This week, the algorithm decided to spit forth an eponymous album from a band by the name of Magick Potion, to which I thought, “Cool! A new archival release from Ancient Grease Records!” Surely, with a moniker like that and a wardrobe straight out of the swinging ’60s, there’s no way these dudes were of this century…right? Wrong. Based out of Baltimore, the land of Deathfest and Cal Ripken Jr., Magick Potion are the latest trio of fuzzed-out freaks to tackle the tripped out proto-metallic sounds of the late ’60s and early ’70s: An era that seems to be further neglected in the scope of metal history as time goes on.
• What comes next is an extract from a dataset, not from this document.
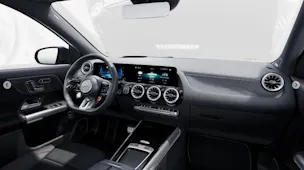 Mercedes-Benz GLA AMG 35 4Matic 8G-DCT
Obviously, you don’t need me to tell you that Black Sabbath weren’t alone in their quest to spread the “devil’s music”. There were countless bands leading up to their unholy birth (i.e. Blue Cheer, Vanilla Fudge, Grand Funk Railroad, Led Zeppelin, and Deep Purple (Mk. 1)), as well as the wave of bands who emerged after (i.e. Uriah Heep, Budgie, Lucifer’s Friend, Sir Lord Baltimore, and Deep Purple (Mk. 2)), that helped establish the sound we know today as heavy metal. And contrary to whatever pretentious millennial assholes say today about these bands merely being “hard rock” because they don’t sound like Reign in Blood or Left Hand Path (you know the types I’m talking about), well, they simply don’t know any better. Rome wasn’t built in a day!
Magick Potion falls smack dab in the middle of metal’s sonic advent, with some cuts sounding straight off of a Sabbath album circa ’70, while others could pass as the musical death knell of the flower power era circa the summer of ’69. This is particularly the case for the first two songs, “Fever Dream” and “Empress”: Tripped out voyages of downer rock devastation. The instruments are loud and clear, emboldened by fuzzed out caveman riffs, undeniable grooves, and a genuinely vintage production. Two songs in, and Magick Potion have already made a strong argument for incarnation: They may as well be the second coming of Blue Cheer!
While those first two cuts could be classified as “doom rock”, the pummeling “Love with a Wizard” and “Never Change” double down on the darkness, going full blown early doom metal. Caught somewhere between Sabbath and Pentagram, “Never Change” even boasts a vocal melody eerily similar to Sabbath’s “A National Acrobat”, but I’ll let it slide. True to the era that’s being paid homage, this prehistoric heaviness is fleshed out by figurative palette cleanses. Whether it be dreamy psych ballads (“Chateau Nights”), Led Zeppelin III-esque folk rock (“Pagan”), or droning raga rockers (“Wild Perfumes”), Magick Potion prove that they’re more than a one trick, proto-metal pony.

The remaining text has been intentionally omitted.